(EXERCISE INPUTS)
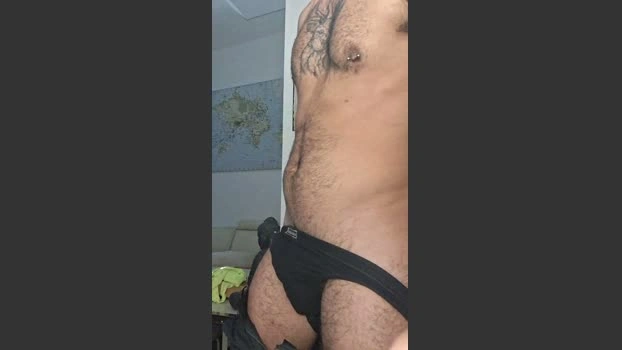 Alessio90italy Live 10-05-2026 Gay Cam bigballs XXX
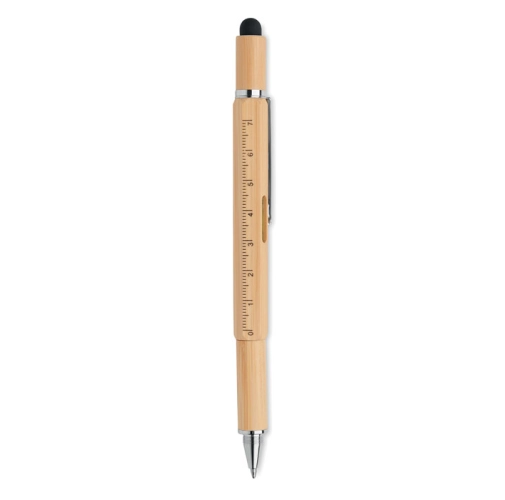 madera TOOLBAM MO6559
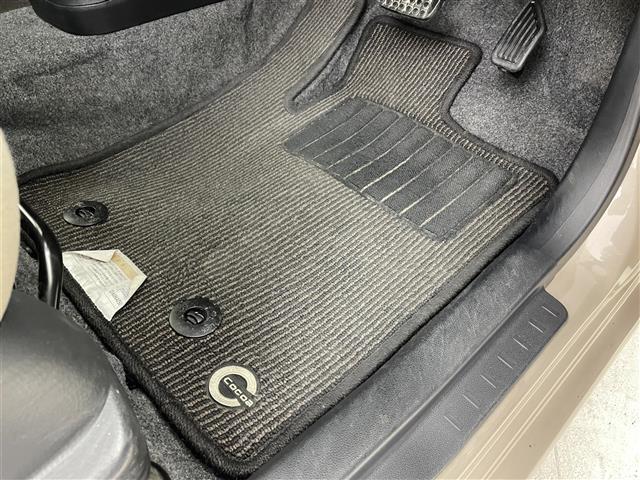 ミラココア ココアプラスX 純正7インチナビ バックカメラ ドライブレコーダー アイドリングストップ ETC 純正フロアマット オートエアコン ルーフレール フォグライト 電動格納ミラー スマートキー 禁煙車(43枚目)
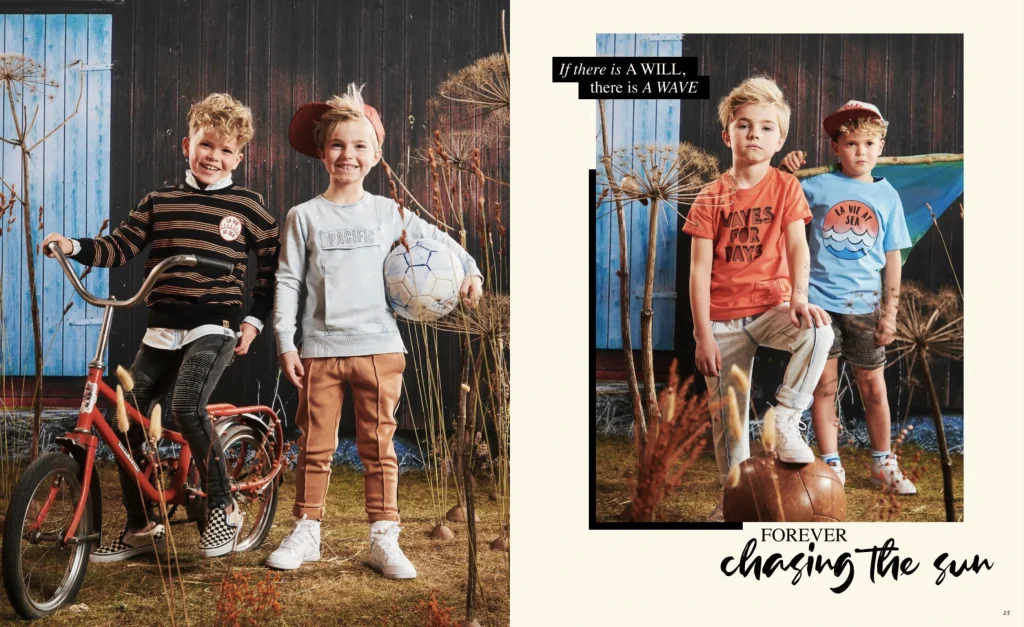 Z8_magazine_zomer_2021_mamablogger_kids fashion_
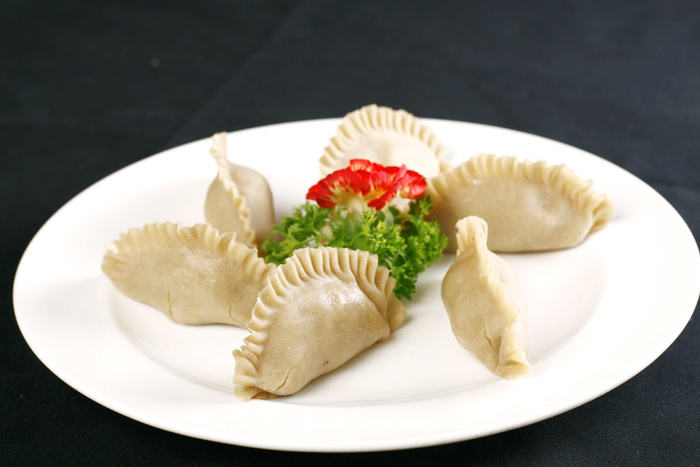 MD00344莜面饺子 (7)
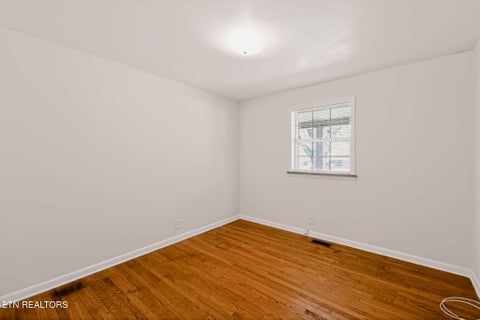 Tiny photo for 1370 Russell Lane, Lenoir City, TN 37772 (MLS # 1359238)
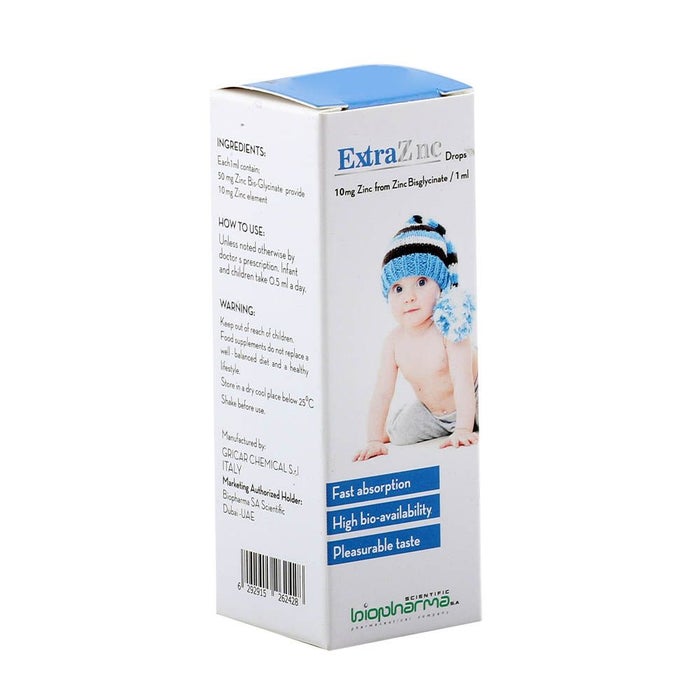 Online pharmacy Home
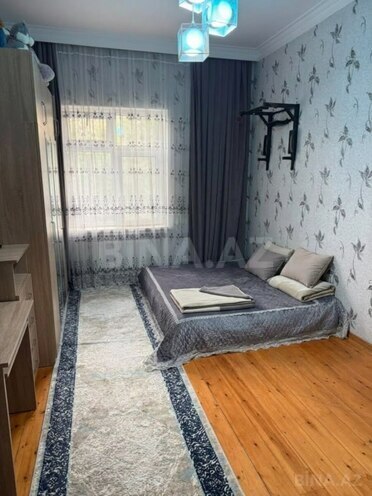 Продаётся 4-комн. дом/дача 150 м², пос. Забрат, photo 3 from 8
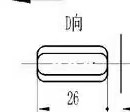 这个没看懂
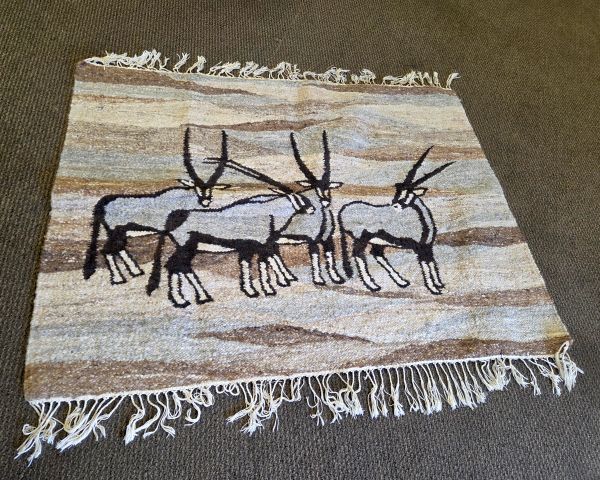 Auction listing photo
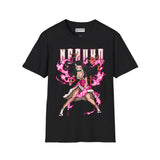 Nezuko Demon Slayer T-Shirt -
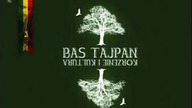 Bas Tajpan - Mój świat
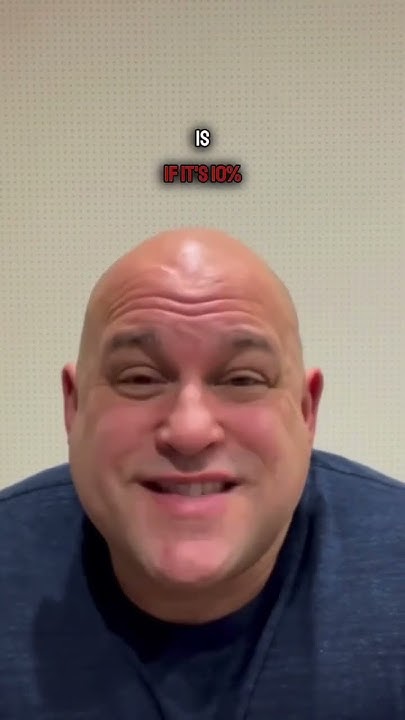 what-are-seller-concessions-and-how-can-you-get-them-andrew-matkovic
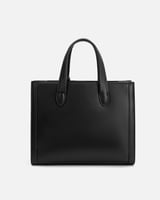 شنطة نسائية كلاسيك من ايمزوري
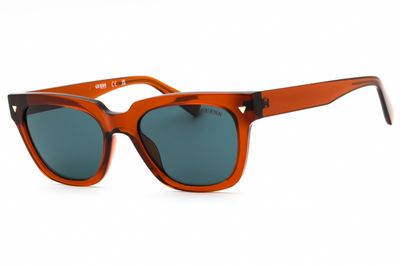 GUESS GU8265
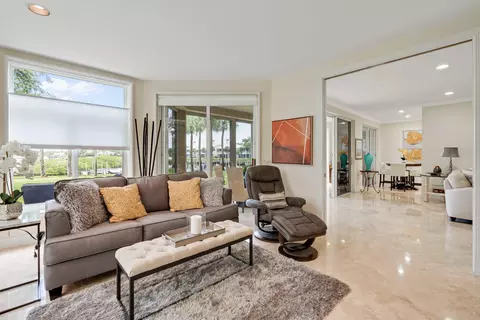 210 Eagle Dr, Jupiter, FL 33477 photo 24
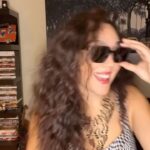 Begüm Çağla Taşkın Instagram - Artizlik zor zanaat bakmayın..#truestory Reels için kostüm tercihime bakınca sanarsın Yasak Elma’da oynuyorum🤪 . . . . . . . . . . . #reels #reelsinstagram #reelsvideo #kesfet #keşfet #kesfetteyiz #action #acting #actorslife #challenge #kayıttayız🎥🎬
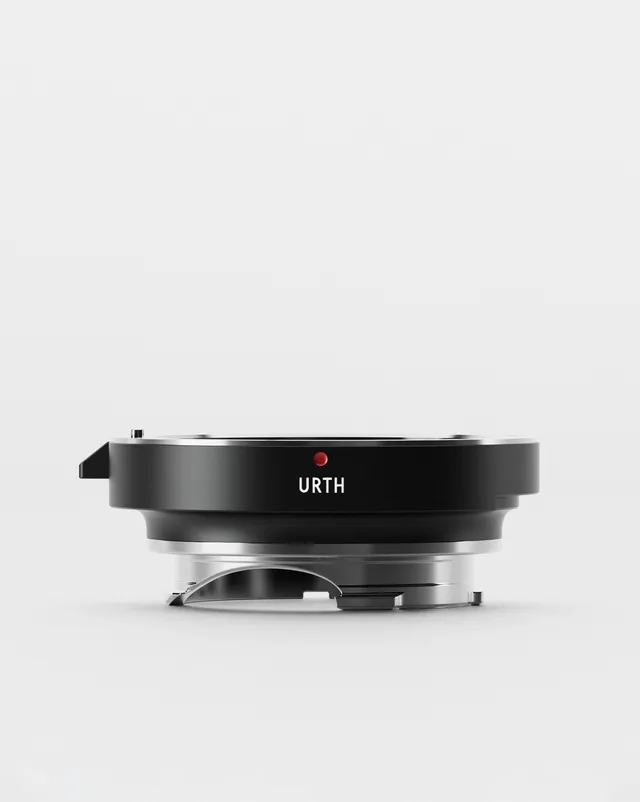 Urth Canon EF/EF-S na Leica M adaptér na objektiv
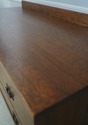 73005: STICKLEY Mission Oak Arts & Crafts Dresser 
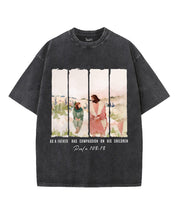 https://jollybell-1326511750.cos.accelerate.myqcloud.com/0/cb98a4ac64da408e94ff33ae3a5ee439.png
(End EXERCISE INPUTS)
■ WHAT YOU NEED TO DO: A word-for-word copy is needed of the lines from the line with "Z8_magazine_zomer_2021_mamablogger_kids fashion_" through the last line of the entries above, with both ends kept and the pictures dropped.

■ RESULT:
 Z8_magazine_zomer_2021_mamablogger_kids fashion_
 MD00344莜面饺子 (7)
 Tiny photo for 1370 Russell Lane, Lenoir City, TN 37772 (MLS # 1359238)
 Online pharmacy Home
 Продаётся 4-комн. дом/дача 150 м², пос. Забрат, photo 3 from 8
 这个没看懂
 Auction listing photo
 Nezuko Demon Slayer T-Shirt -
 Bas Tajpan - Mój świat
 what-are-seller-concessions-and-how-can-you-get-them-andrew-matkovic
 شنطة نسائية كلاسيك من ايمزوري
 GUESS GU8265
 210 Eagle Dr, Jupiter, FL 33477 photo 24
 Begüm Çağla Taşkın Instagram - Artizlik zor zanaat bakmayın..#truestory Reels için kostüm tercihime bakınca sanarsın Yasak Elma’da oynuyorum🤪 . . . . . . . . . . . #reels #reelsinstagram #reelsvideo #kesfet #keşfet #kesfetteyiz #action #acting #actorslife #challenge #kayıttayız🎥🎬
 Urth Canon EF/EF-S na Leica M adaptér na objektiv
 73005: STICKLEY Mission Oak Arts & Crafts Dresser 
 https://jollybell-1326511750.cos.accelerate.myqcloud.com/0/cb98a4ac64da408e94ff33ae3a5ee439.png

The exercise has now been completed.